_EXERCISE OBJECTIVE_: From the listing that follows, reproduce only the lines from the one holding "Outline tulip isolated" through the one holding "Cryptocephalus rugicollis", both included, with no pictures.

BEGIN DATA SHOWN

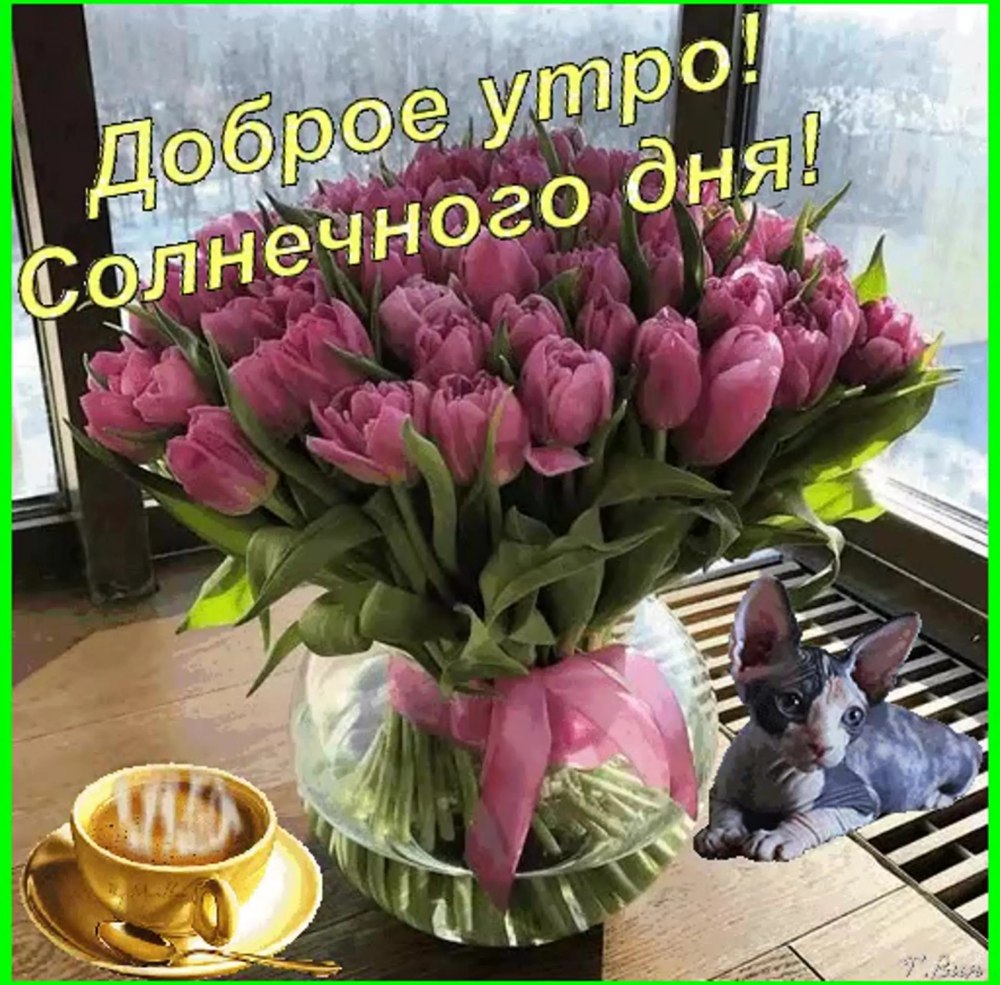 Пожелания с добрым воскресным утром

END DATA SHOWN
BEGIN DATA SHOWN

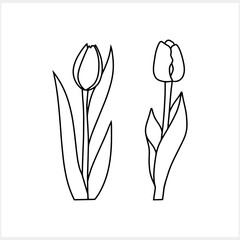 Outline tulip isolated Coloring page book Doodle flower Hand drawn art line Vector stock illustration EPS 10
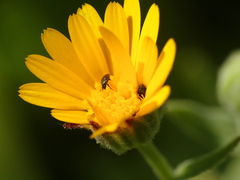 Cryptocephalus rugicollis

END DATA SHOWN

_RESULT OF THE EXERCISE_:
 Outline tulip isolated Coloring page book Doodle flower Hand drawn art line Vector stock illustration EPS 10
 Cryptocephalus rugicollis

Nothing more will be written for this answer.